▸ Work task: Give each line of the records again exactly and omit every picture.
*** Dataset entries
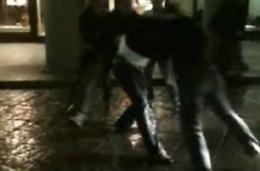 Fissa una ragazzina, anziano ubriaco malmenato da alcuni giovani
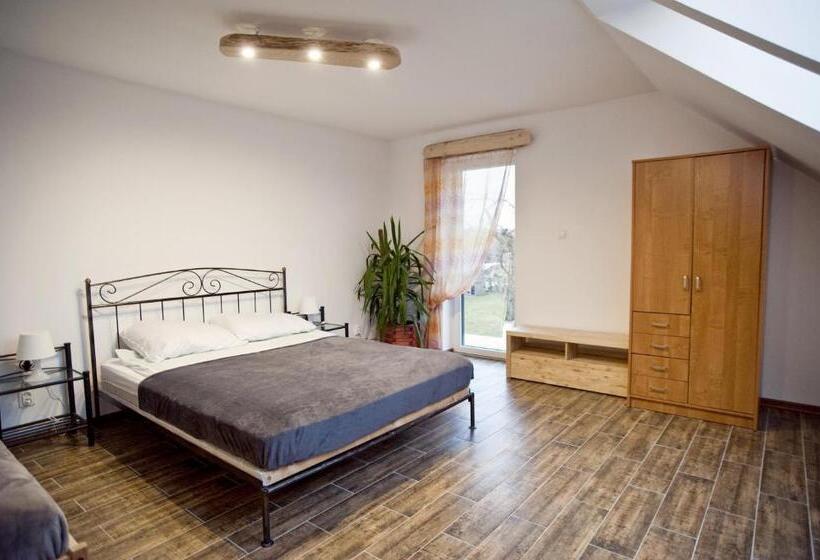 호텔 Agroturystyka W Jabłoniowym Sadzie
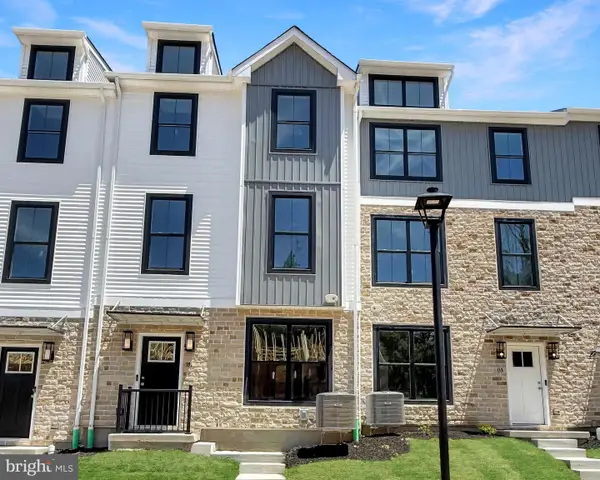 131 Cobblestone Dr #4-24, HARLEYSVILLE, PA 19438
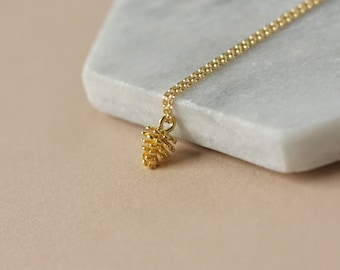 Dainty Gold Pinecone Necklace, Nature Inspired Woodland, Fall  Autumn Jewelry, Minimalist Everyday Necklace, Best Friend Gift Nature Lover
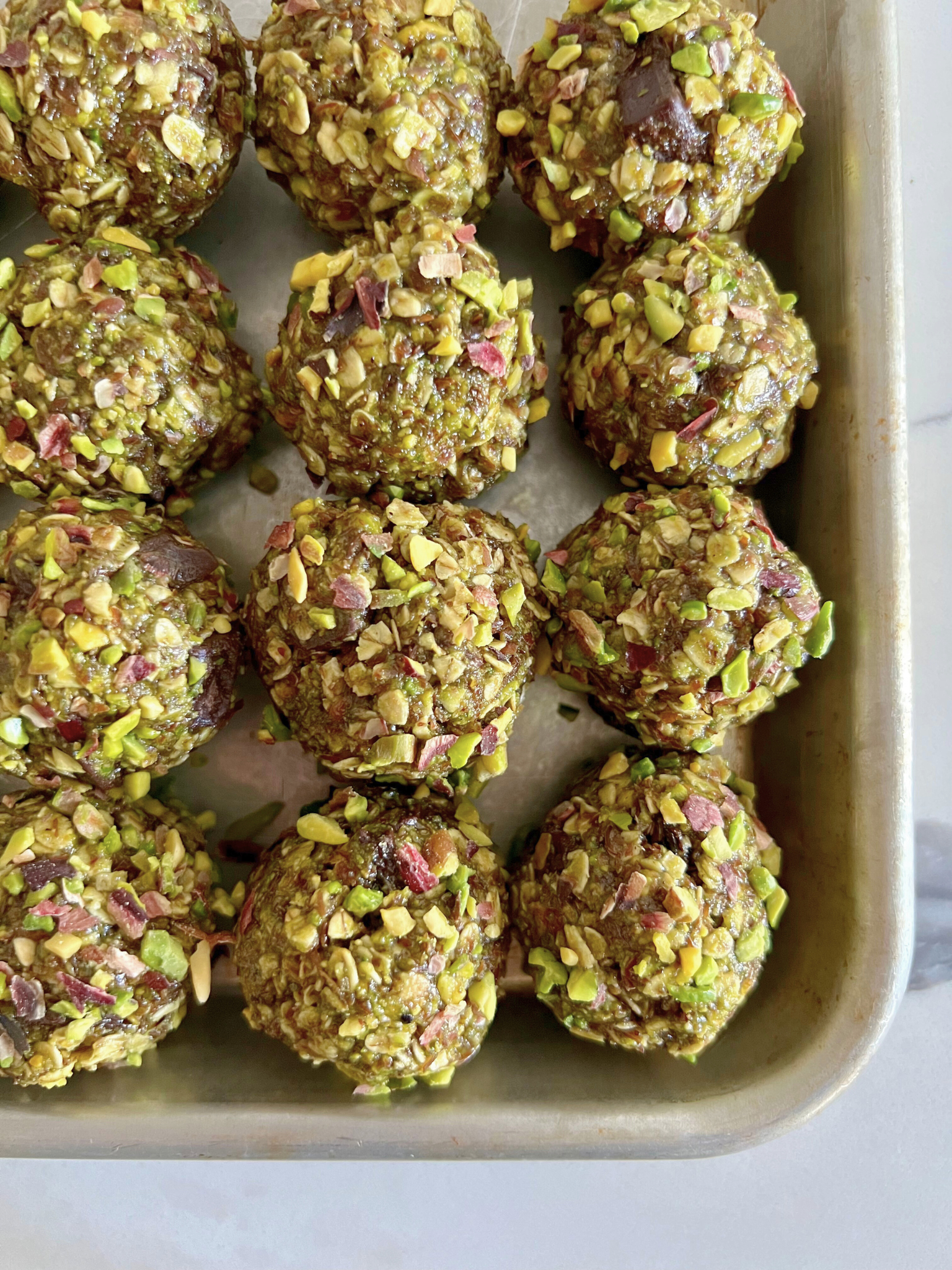 Pistachio Energy Bites
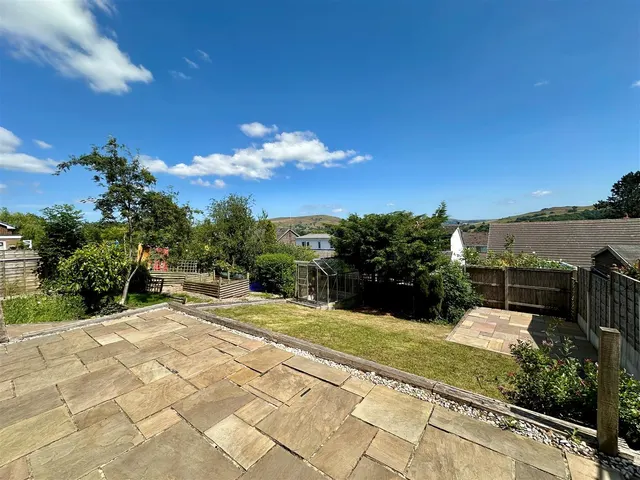 Meadowside, Whaley Bridge, SK23, photo 2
******
▸ Result for this exercise:
 Fissa una ragazzina, anziano ubriaco malmenato da alcuni giovani
 호텔 Agroturystyka W Jabłoniowym Sadzie
 131 Cobblestone Dr #4-24, HARLEYSVILLE, PA 19438
 Dainty Gold Pinecone Necklace, Nature Inspired Woodland, Fall  Autumn Jewelry, Minimalist Everyday Necklace, Best Friend Gift Nature Lover
 Pistachio Energy Bites
 Meadowside, Whaley Bridge, SK23, photo 2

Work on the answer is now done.